Yang successfully completed both the master’s project and his year at the J-School in May of 2019. That fall, he began the second year of the dual degree program at SIPA, an experience he describes as more academic (“research, essays and exams”) than his year at the J-School.
In September, Yang also began an editorial internship at Narratively, a website focused on non-fiction storytelling. When his editor let him know the door was open to pitch his own stories, Yang jumped at the chance to share his master’s project. The story was picked up, and Narratively commissioned the Shanghai-based photographer Gráinne Quinlan to take photos of the family Yang had profiled.
Although the original project already had a heavy narrative focus, some additional editing was required to make it a Narratively story.
“The original story was longer and had more newsy elements,” he said. “I was talking more about what was controversial and what the Chinese legal context was.”

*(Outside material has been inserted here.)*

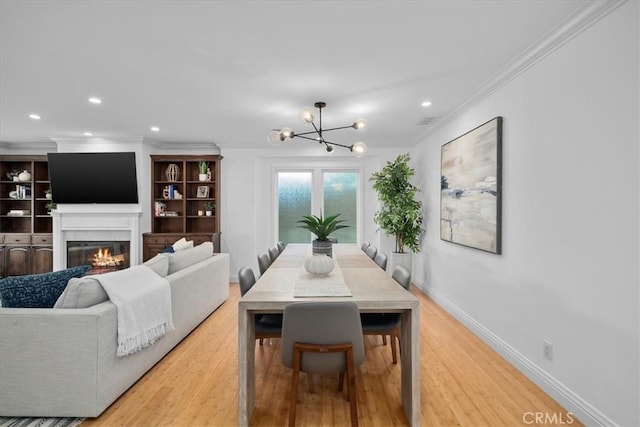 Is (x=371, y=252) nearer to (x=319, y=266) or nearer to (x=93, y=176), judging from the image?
(x=319, y=266)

Writing for the site’s audience also meant providing context for a largely American readership who might be unfamiliar with Chinese culture.

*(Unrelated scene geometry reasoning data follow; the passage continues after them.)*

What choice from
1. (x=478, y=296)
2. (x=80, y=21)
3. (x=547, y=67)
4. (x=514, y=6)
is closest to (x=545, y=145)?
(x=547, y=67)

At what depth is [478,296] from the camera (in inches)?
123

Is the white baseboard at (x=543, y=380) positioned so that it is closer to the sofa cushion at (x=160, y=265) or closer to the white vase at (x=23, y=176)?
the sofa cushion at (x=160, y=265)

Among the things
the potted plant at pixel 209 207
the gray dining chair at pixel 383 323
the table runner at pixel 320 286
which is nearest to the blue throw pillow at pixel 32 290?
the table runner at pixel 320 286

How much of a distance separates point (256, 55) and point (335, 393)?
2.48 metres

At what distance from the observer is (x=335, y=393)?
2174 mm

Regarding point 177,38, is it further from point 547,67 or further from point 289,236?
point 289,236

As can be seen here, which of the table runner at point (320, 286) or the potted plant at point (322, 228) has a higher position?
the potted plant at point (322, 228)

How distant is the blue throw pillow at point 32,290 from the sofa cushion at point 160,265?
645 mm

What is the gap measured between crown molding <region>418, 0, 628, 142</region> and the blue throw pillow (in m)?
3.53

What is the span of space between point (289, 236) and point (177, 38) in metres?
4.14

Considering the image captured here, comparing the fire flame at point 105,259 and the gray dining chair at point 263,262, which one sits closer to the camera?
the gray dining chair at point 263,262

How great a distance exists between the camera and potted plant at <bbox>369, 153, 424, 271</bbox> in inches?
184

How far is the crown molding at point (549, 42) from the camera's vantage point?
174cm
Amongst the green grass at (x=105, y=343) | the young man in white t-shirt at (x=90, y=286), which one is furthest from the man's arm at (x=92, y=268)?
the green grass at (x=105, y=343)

“There were things I consider common sense that I realized I needed to explain more, like the LGBT situation in China,” Yang said.

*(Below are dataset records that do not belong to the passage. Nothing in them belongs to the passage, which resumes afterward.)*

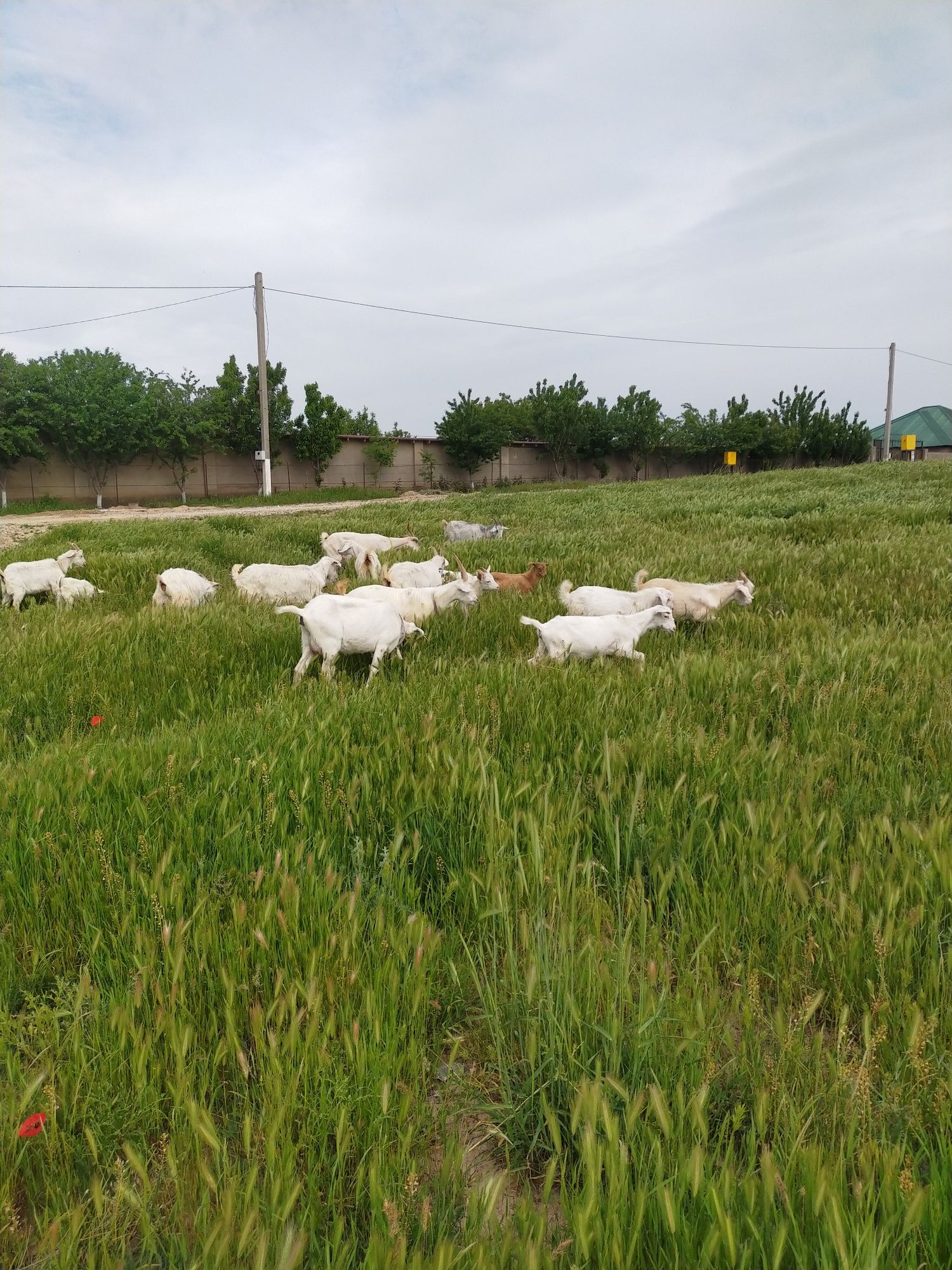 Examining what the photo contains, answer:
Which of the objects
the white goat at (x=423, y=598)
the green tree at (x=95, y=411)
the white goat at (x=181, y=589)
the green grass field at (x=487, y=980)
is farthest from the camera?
the green tree at (x=95, y=411)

Bridging cultures is familiar territory for Yang. He served on the Model United Nations as an undergraduate and has considered using his dual degree to pursue diplomatic work. But now, he says, journalism is his first priority.
“I think I’m exploring new perspectives that people weren’t familiar with before,” he said. “There aren’t a lot of stories about gay Chinese people building families through surrogacy out there. I want people to know this is another part of their lives. And this is a more positive story, not about how they’re discriminated against or oppressed by the government.”